探し物はなんですか?/兎の中の人
あった場所に物がない。
必要な時に必要なものが見つからない。
こんな現象を日本人はぬらりひょんという妖怪の仕業というらしい。
まるで家主のように家に当たり前のように入り込み、物を借りてこっそり返しにくるらしい。
妖怪については全く詳しくはなかったのだが、テレビで紹介されたのを見て知った情報だ。
もちろん、間違っていることもあるだろうからのーたりん兎が聞いた話では、という範囲で聞き流してほしい。
さて、ぬらりひょんの前置きをしたのは仲間が出演したボイスドラマを紹介するためではない。
ここでリンクを貼っておくなら紹介しろよと思われるが、私が参加しているわけではないので役作りの苦労話などがでできないのだ。
ただ私も1人のリスナーとして紹介するならば、魅力的なキャラクターたちが登場するとても楽しい作品なのでまだ聞いていない方がいたらぜひ聞いてい欲しいと思う。
……さて、前置きが完全宣伝になっているが、話を戻そう。
実は宣材写真用に使った服が見つからない事件が起きたのだ。
蒸し暑くなったこの時期にちょうどいいものだったが、着たいときに見つからずここ1カ月近く困っていた。
前置きで書いた理由で行くとぬらりひょんの仕業になってしまうのだが、そんな私の服を借りていくような女装趣味なぬらりひょんなどいないだろう。
いないと信じたい。
ならば何の仕業なのか。
実は心当たりがある。
私が学生時代からずっと妹と共に信じてきたサッターンという魔王の仕業だと思うのだ。
本名『左端』さん、左の端と書いてサタンと読むキッスイノニッポンジンである。
彼は常に我が家族を困らせることを生きがいとしている……という妄想の元に生まれた人物である。
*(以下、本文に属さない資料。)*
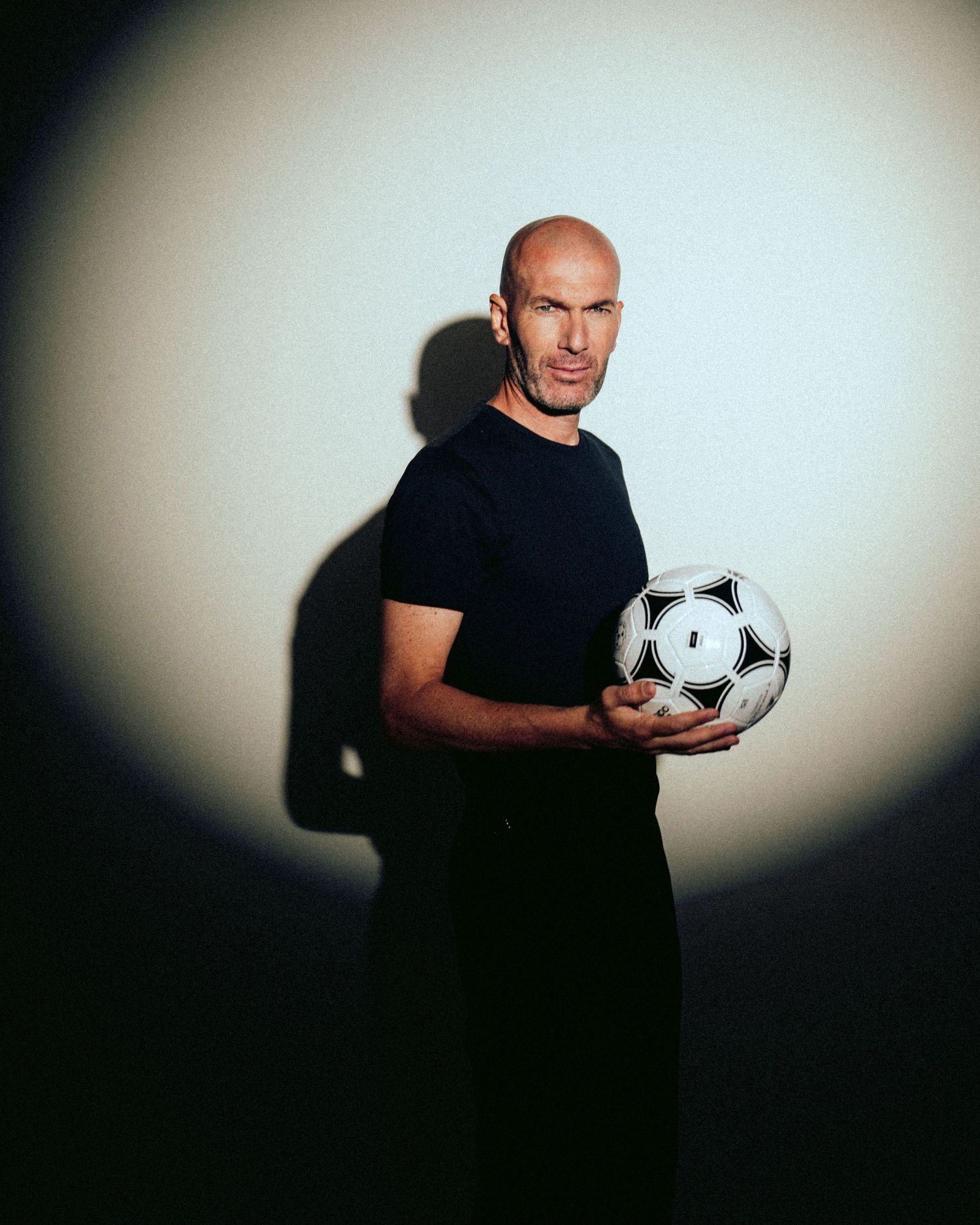 A figure in black clothing poses with a soccer ball against a white backdrop with dramatic lighting and shadows.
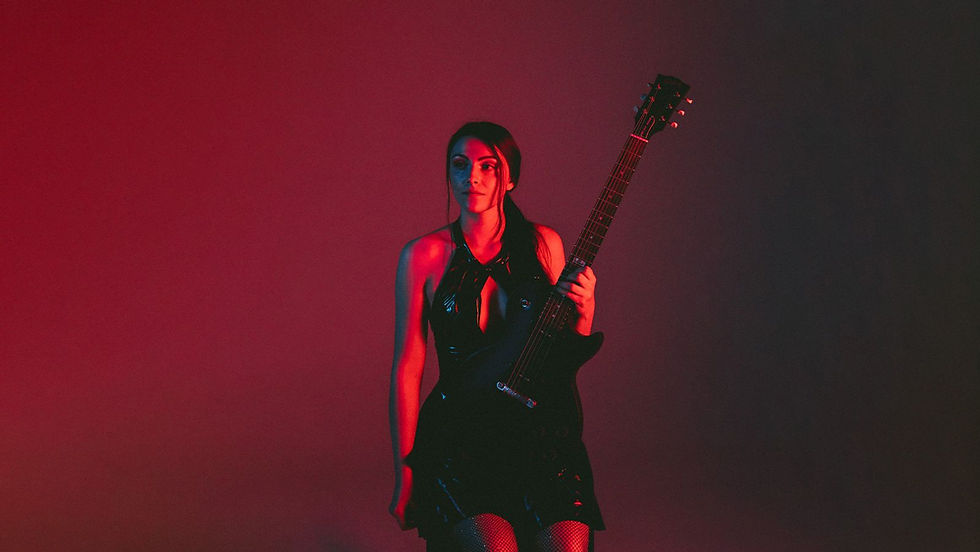 Woman in a black dress holding an electric guitar against a red-pink studio backdrop, lit with moody neon light.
実在はしないと思うが、もし本当に左端でサタンと読む方がいたら申し訳ない。
大丈夫、あなたはサッターンではない。この話には関係ない人なので気にしないでほしい。
いっそのこと「は?何言ってるの?この人、コワッ」と思ってもらえればいい。
物が見つからないのはけっして、部屋が散らかっていて探せないわけではない。
いやいや、そんなはずはないぞ。けっして。
さて、このずっと見つからなかった服だが
なぜか
どういうわけか
しれっと脱衣室から出てきたのだ。
しかもいつもパジャマを置いている場所に、ぺローンと置かれていたのだ。
気付かないはずないのに!
母に聞いても「昨日私も服置いてたけど、そんなのなかったよ」と証言している。
これは間違いなくサッターンの仕業だと私は思うのだ。
サタンではなく、サッターン。
この響き、かなり重要。
そんなことを書いていた矢先に今度はバナナが消えた。
母が買ったはずと、自信満々に言っていたバナナが消えたのだ。
これもきっとサッターンの仕業にちがいない。
そう言った数秒後にバナナは見つかった。
バナナはお気に召しませんでしたか魔王さま。
確かにこのバナナまだ青くて食べごろではないですもんね。魔王さま。
そんなことを書いている今頃、魔王さまはきっと「は?何言っての?この人……コワッ」と呟いているに違いないと思うのだ。